Thousands of homeless people in Los Angeles were registered to vote at shelters and service centers that don't actually house them — and the progressive candidate who just leapfrogged Spencer Pratt in the mayoral race happens to have funded one of the worst offenders with a $600,000 taxpayer grant. Nothing suspicious here, folks.
But sure, tell us again how "election integrity" concerns are just right-wing conspiracy theories. We'll wait.
A review of LA County voting records uncovered roughly 7,600 registered voters tied to homeless shelters, supportive housing developments, and service providers across the city, according to the New York Post. The problem? Many of these locations don't have the capacity — or in some cases, any beds at all — to house the people supposedly living there.
The most jaw-dropping example is the Midnight Mission in Skid Row. Voting records show 1,160 registrations at that address. The facility's own website says it has beds for 84 men and 36 women. That's 120 beds and 1,160 "residents." Even by LA math, that doesn't add up.
Then there's St. Joseph Center in Venice — a drop-in service center, not a residential shelter — where 185 registered voters are tied to the address. Nobody sleeps there. It's a place you walk in, get a sandwich, and walk out. But apparently 185 people call it home on election day.
Here's where it gets really interesting. City Councilmember Nithya Raman, who chaired the Los Angeles City Council's Housing and Homelessness Committee, awarded St. Joseph Center a $600,000 taxpayer-funded grant. The same Raman who just pulled off one of the most dramatic come-from-behind surges in LA political history.
On election night, June 2, Spencer Pratt — yes, that Spencer Pratt — held a comfortable lead for the second runoff spot against incumbent Mayor Karen Bass. Then the late ballots started rolling in. And rolling. And rolling.
As of Monday's latest count, Raman sits at 229,576 votes — 28.56% — while Pratt has fallen to 207,757 at 25.83%. That's a 43,000-vote swing since election night. Raman gained five full percentage points on Pratt in the days after the polls closed. Karen Bass, the incumbent, cruised to first place with 34.32% and had long secured her November runoff spot.
Forty-three thousand votes materialized out of thin air. From a candidate connected to shelters where phantom voters are registered. In a city where the voter rolls are dirtier than a Skid Row sidewalk.
US Attorney Bill Essayli has taken notice. He announced he will investigate the concerns and "follow the evidence" to determine whether laws were broken. Good. Because when 1,160 people are registered at a mission with 120 beds, somebody has some explaining to do.
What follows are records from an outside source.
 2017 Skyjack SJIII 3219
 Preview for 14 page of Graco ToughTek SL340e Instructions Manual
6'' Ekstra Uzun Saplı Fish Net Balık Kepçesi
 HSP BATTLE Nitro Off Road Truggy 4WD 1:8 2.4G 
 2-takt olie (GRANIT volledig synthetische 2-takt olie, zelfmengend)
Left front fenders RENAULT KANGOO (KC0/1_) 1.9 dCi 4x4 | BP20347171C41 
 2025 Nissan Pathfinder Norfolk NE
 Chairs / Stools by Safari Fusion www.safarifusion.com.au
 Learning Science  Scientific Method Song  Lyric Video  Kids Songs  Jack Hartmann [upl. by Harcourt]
The left will scream that questioning any of this is "voter suppression." They'll say homeless people have every right to vote — and they do. Nobody's arguing that. What we're arguing is that you can't register a thousand people at an address where a hundred people sleep and pretend that's legitimate. That's not enfranchisement. That's manufacturing a voter base.
Nithya Raman is a progressive's progressive — the kind of politician who thinks the solution to every problem is more government money funneled through the right nonprofits. She sat on the committee that controls homeless funding. She directed taxpayer dollars to a facility that now has 185 ghost voters on its rolls. And then she magically surged past her opponent on the strength of late-arriving ballots.
Coincidence? In any other city, maybe. In Los Angeles? Please.
Bill Essayli better follow that evidence fast — because in LA, evidence has a funny way of disappearing right around election certification time.